Tuesday, 24 March 2015

MUMIAS SUGAR IN TROUBLE OF KENYA POWER BILL

Kenya Power has moved to court seeking to freeze Mumias Sugar Company’s assets until the struggling miller settles a Sh1.1 billion electricity bill a demand that could worsen the miller’s dwindling fortunes.
The bill arose from Kenya Power supplementing Mumias’ power production plant between 2009 and 2014.
While the miller has only paid Sh70 million, the electricity distributor wants the court to compel Mumias to pay the total bill, a move that may disrupt a government rescue bid that involves a Sh1 billion cash injection and a Sh4 billion rights issue.

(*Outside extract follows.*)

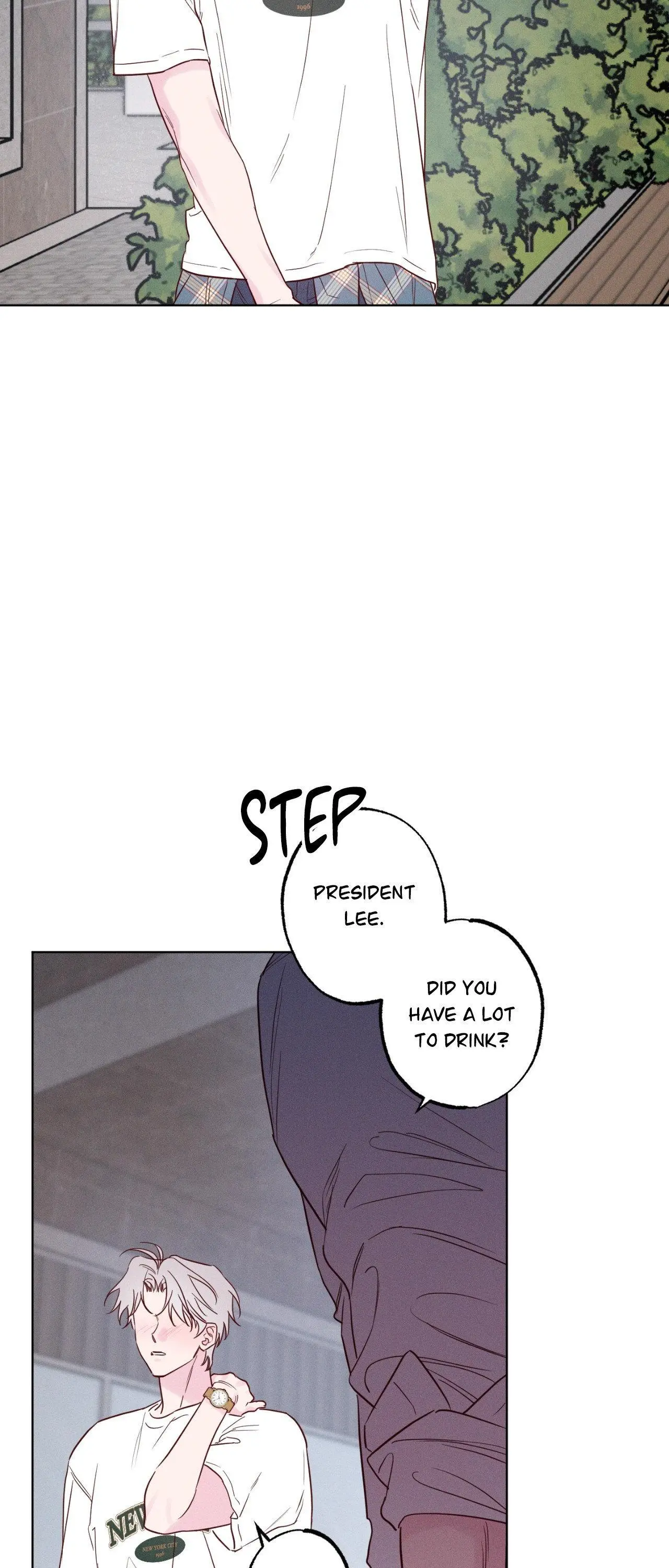 In Your Wake - Chapter 39 Page 2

The case arose from a deal signed in 2009 that was to see Mumias sell excess power from its plant to Kenya Power. The miller was in turn to buy electricity from Kenya Power whenever its generators were on standby.
But the miller has refuted claims it owes the company money relating to “back-feed” energy consumption that had not been billed. Back-feeding occurs when electric power is introduced into a local power grid.
In its prayer, Kenya Power asks the court to grant “an order of injunction restraining Mumias from disposing, selling or in any way parting with custody of all moveable and immoveable properties in a way to defeat any judgment that may be entered against it.”
As an alternative to freezing the miller’s assets, Kenya Power wants it to deposit Sh1.1 billion with the court to secure its interests in the event the miller offloads its assets before the case is concluded.
Kenya Power’s case is the second court pursuit of Mumias by creditors barely two months after President Uhuru Kenyatta brokered the bailout deal.
The amount demanded by the electricity supplier may unsettle Mumias’ planned bailout as it may encourage other creditors to go after it for money owed.
In January, Security firm G4S filed a suit seeking Sh45 million in unpaid bills over three years, which the miller has conceded to owing in emails attached as evidence. G4S holds that Mumias had agreed to pay the amount urgently but is yet to offset the debt.
The security firm is demanding Sh40.7 million for guarding services in offices around the country and its factory, Sh4.6 million for response services it offered in times of emergency and Sh173,000 for courier services.
G4S has also asked the court to compel Mumias to settle the costs it will incur in the legal battle for its dues.
The President Kenyatta-brokered bailout will also see shareholders fork out Sh4 billion in a cash call aimed at resurrecting the miller’s profit-making days.
But the rescue plan also appears to have signalled creditors to come calling despite a request from the president to go easy on Mumias until it gets back on its feet.